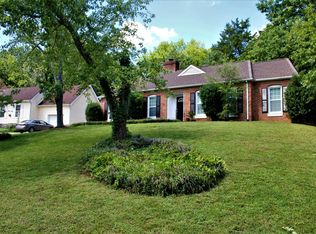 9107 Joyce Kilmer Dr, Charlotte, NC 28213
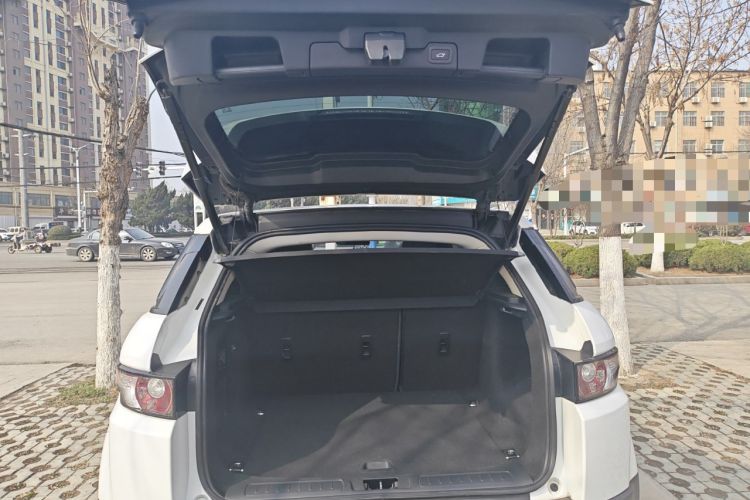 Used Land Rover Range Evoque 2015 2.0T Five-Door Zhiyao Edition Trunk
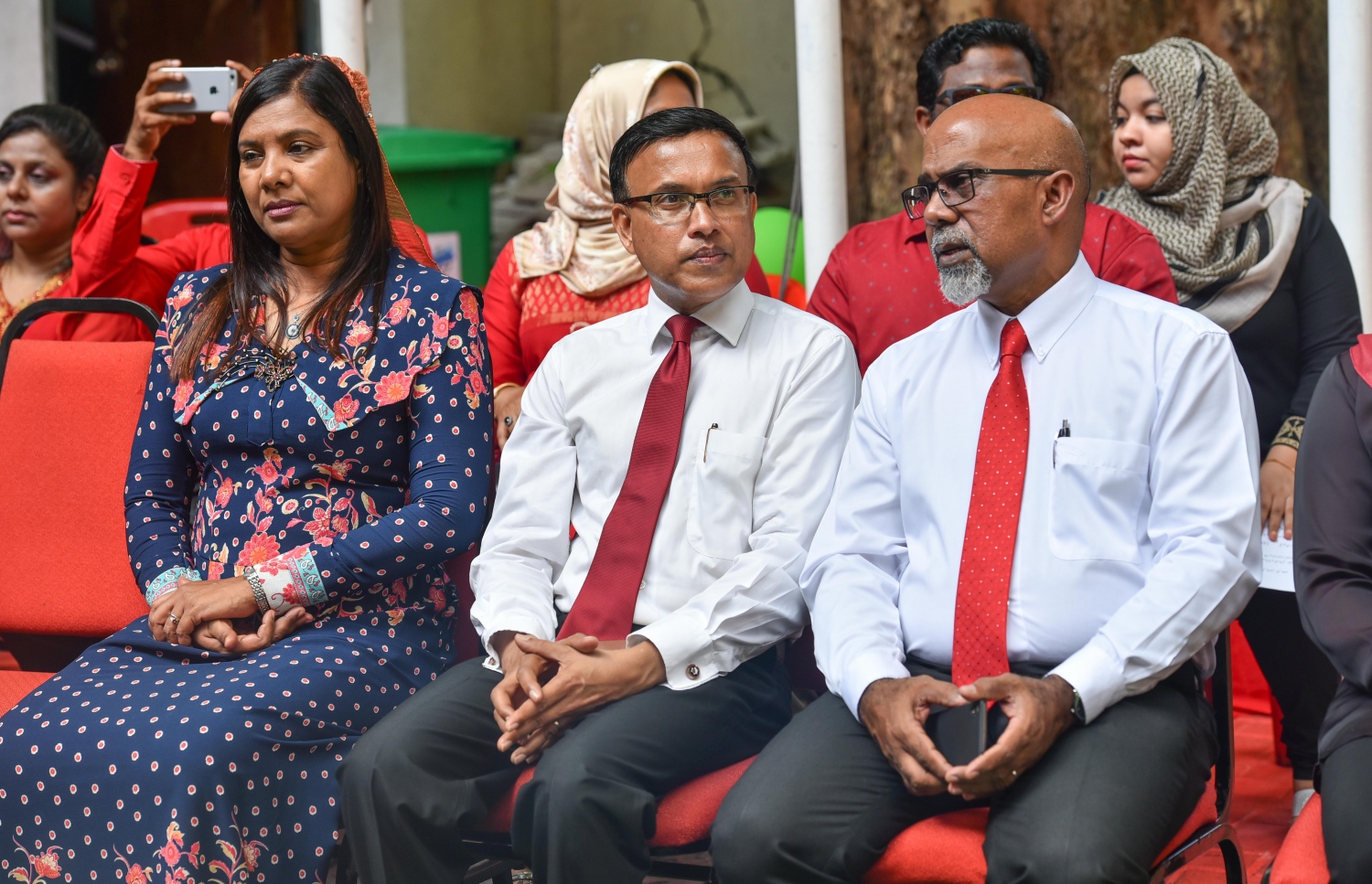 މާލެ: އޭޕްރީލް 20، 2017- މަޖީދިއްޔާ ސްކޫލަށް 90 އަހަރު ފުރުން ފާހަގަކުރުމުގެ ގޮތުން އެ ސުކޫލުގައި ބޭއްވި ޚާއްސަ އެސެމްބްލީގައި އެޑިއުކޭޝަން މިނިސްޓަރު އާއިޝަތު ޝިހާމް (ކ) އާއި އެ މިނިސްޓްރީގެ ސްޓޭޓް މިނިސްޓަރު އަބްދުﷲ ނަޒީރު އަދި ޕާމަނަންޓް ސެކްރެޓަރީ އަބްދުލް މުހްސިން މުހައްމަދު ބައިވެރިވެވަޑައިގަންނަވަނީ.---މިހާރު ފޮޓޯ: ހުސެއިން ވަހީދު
...
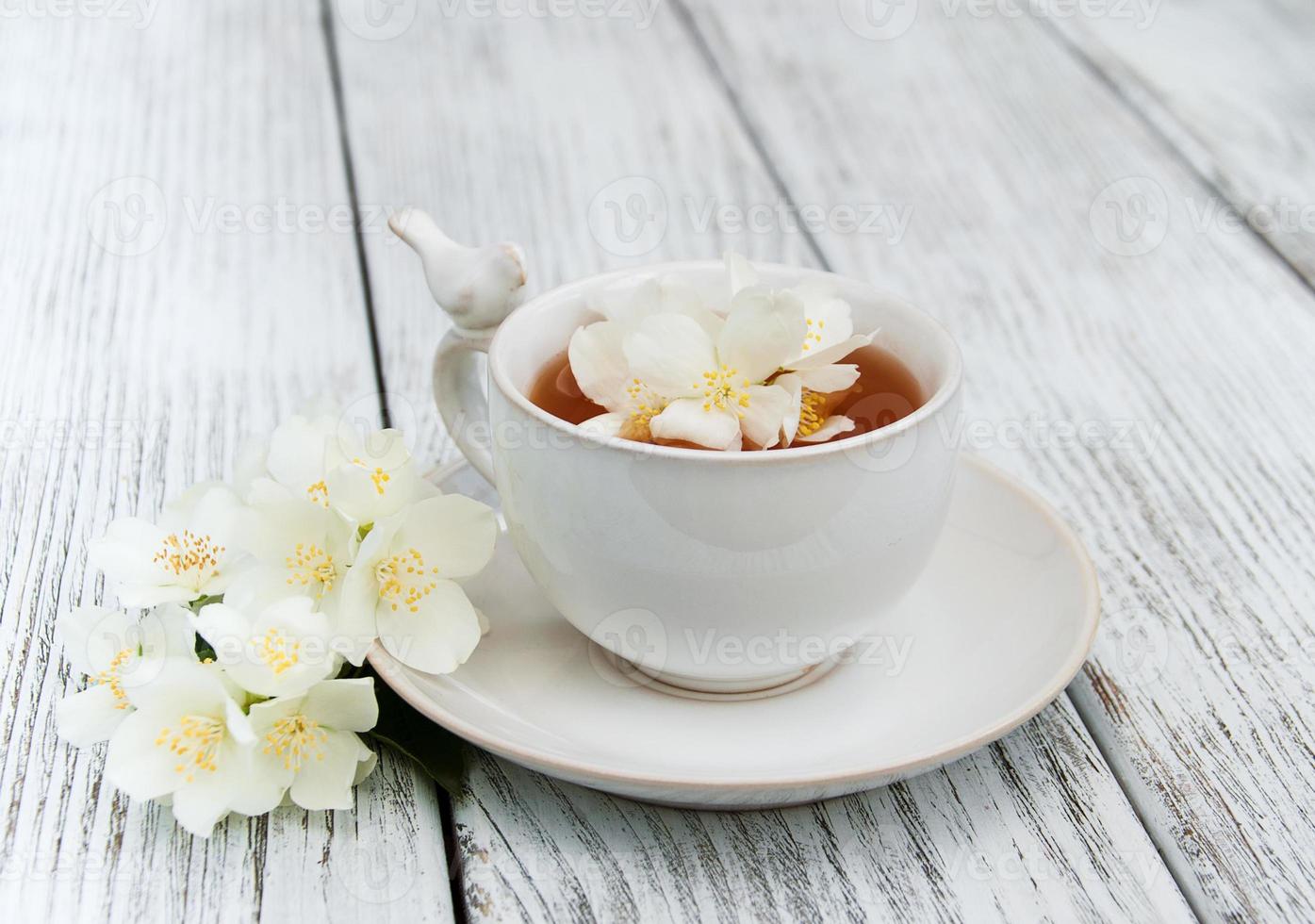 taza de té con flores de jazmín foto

What this task involves
Give again the lines of the listing above that run from the one with "9107 Joyce Kilmer Dr, Charlotte, NC 28213" up to and including the one with "މާލެ: އޭޕްރީލް 20،". Keep them exact and omit the pictures.

Answer box
 9107 Joyce Kilmer Dr, Charlotte, NC 28213
 Used Land Rover Range Evoque 2015 2.0T Five-Door Zhiyao Edition Trunk
 މާލެ: އޭޕްރީލް 20، 2017- މަޖީދިއްޔާ ސްކޫލަށް 90 އަހަރު ފުރުން ފާހަގަކުރުމުގެ ގޮތުން އެ ސުކޫލުގައި ބޭއްވި ޚާއްސަ އެސެމްބްލީގައި އެޑިއުކޭޝަން މިނިސްޓަރު އާއިޝަތު ޝިހާމް (ކ) އާއި އެ މިނިސްޓްރީގެ ސްޓޭޓް މިނިސްޓަރު އަބްދުﷲ ނަޒީރު އަދި ޕާމަނަންޓް ސެކްރެޓަރީ އަބްދުލް މުހްސިން މުހައްމަދު ބައިވެރިވެވަޑައިގަންނަވަނީ.---މިހާރު ފޮޓޯ: ހުސެއިން ވަހީދު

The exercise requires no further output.